Umar Mukhtar yang dikenal dengan Lion of The Dessert merupakan salah satu mujahid yang gigih membela Islam dan kaum Muslimin dari penjajah kafir. Berjihad di Libya, Umar Mukhtar bersama murid dan penduduk setempat bersatu padu melawan penjajahan bangsa Italia.
Di akhir perjuangannya, saat Umar Mukhtar ditangkap oleh penjajah kafir, ada dialog mencengangkan.

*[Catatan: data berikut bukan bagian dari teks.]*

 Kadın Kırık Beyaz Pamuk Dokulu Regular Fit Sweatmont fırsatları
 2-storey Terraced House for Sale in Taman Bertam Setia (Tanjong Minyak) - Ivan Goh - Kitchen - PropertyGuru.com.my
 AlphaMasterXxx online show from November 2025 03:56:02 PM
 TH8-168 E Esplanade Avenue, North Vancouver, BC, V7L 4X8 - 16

Sebuah dialog yang mampu membuat hati orang beriman bergetar lantaran keikhlasan dan keteguhan hati Umar Mukhtar.
“Apakah Anda berperang melawan bangsa Italia?” gertak polisi melakukan introgasi.
“Ya,” tegas Umar Mukhtar singkat.
“Benarkah Anda mengerahkan penduduk untuk memerangi bangsa Italia?” bentak polisi kepada sosok tua yang muda jiwanya ini.

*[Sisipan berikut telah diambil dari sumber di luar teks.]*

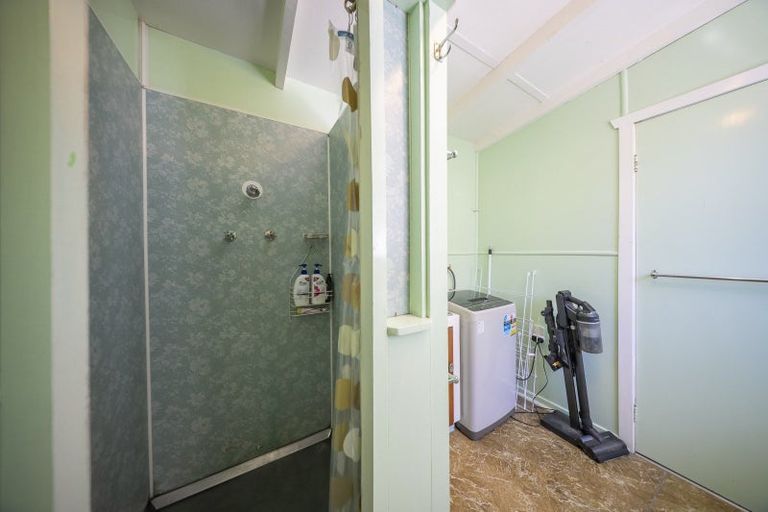 Photo of property in 36 Home Street, Manapouri, 9679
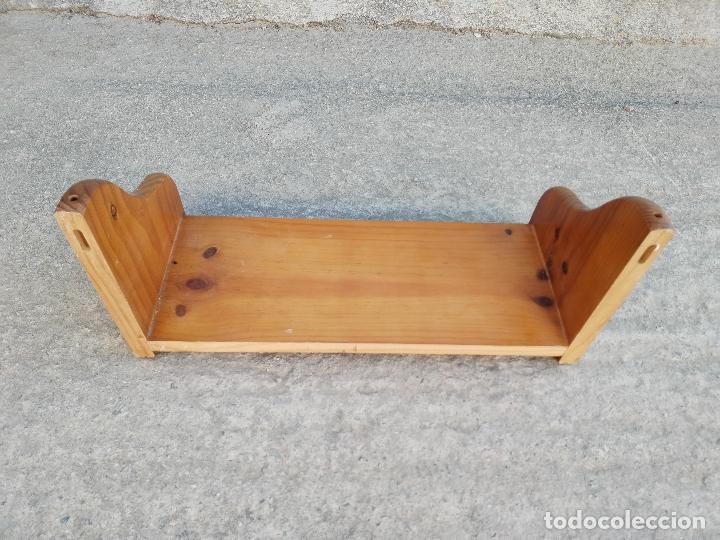 Antig&uuml;edades: repisa en madera de pino - Foto 4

“Ya,” kata Umar tak kalah bertenaganya.
“Tahukah Anda, apa akibat yang akan diperoleh atas perbuatan ini?” uber polisi, bernada menakut-nakuti.
“Ya,” kata Umar gagah, “aku mengetahuinya.”
“Apakah Anda memahami makna kalimat yang baru saja diucapkan?” lanjut polisi, semakin geram.
“Ya,” terang Umar, “saya amat memahaminya.”
“Sejak kapan Anda memerangi bangsa Italia dan mengerahkan masyarakat untuk mendukung misi Anda?” sergah polisi, semakin kalap.
“Sepuluh tahun.” tegas Umar. Tidak gentar.
“Adakah Anda menyesali perbuatan ini?” lanjut polisi dengan bentakan yang semakin kencang.
“Tidak,” jawab Umar. Lugas.
“Apakah Anda tahu akan konsekuensi hukuman mati bagi Anda?” pungkas polisi.
“Ya, saya tahu.”
Akhirnya, didatangkanlah Hakim Pengadilan untuk memberikan keputusan zalim kepada mujahid Umar Mukhtar. Sebelum menyampaikan vonis, Hakim Pengadilan mengajukan tawaran, lalu mengatakan, “Sungguh, aku sangat kasihan melihat dirimu. Aku sangat sedih jika ini menjadi akhir hidupmu.”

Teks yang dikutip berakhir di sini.